Data section
※ ※ ※

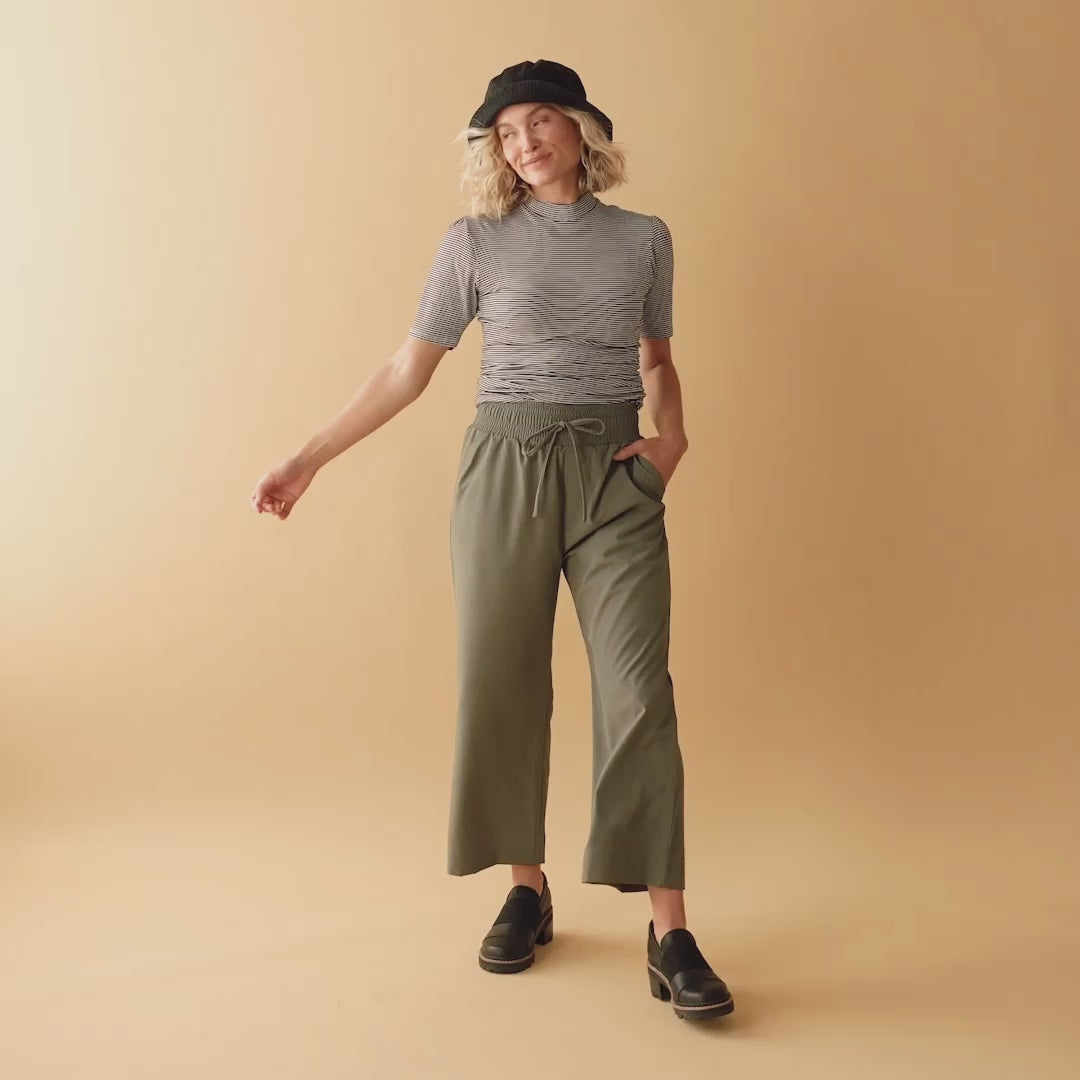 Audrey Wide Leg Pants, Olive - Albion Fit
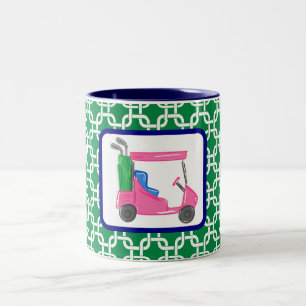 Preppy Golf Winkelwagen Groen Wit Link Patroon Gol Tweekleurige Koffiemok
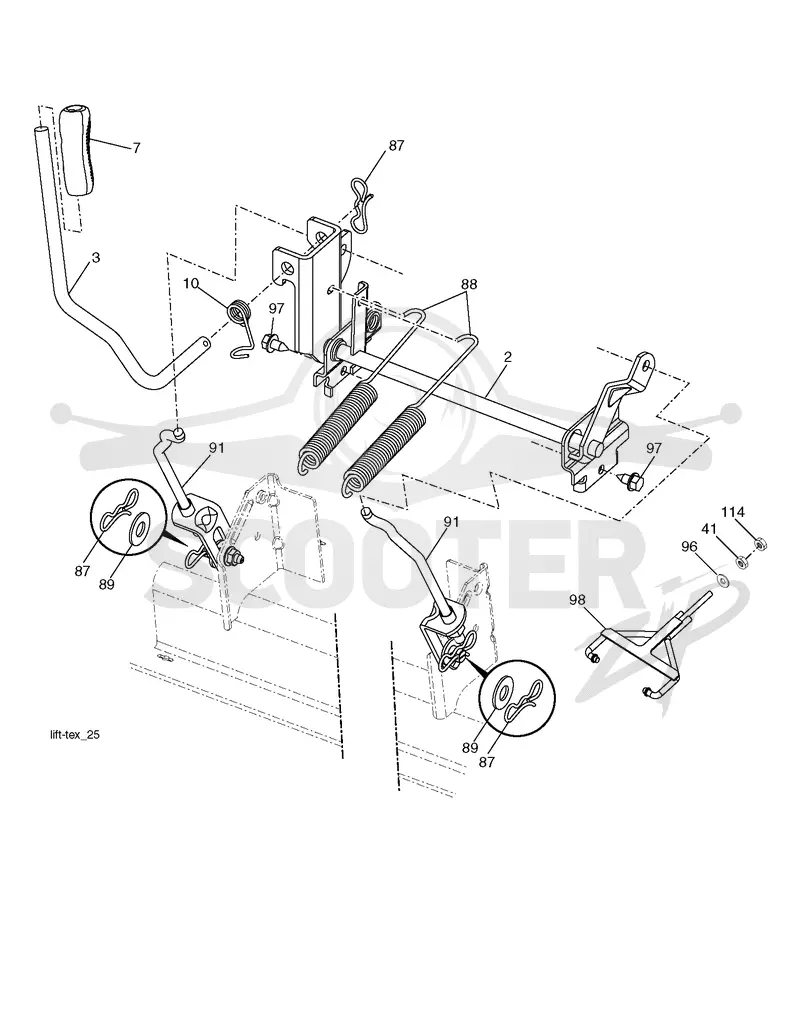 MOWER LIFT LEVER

※ ※ ※

Your assignment
Transcribe the listing verbatim, pictures excluded.

Solution to this exercise
 Audrey Wide Leg Pants, Olive - Albion Fit
 Preppy Golf Winkelwagen Groen Wit Link Patroon Gol Tweekleurige Koffiemok
 MOWER LIFT LEVER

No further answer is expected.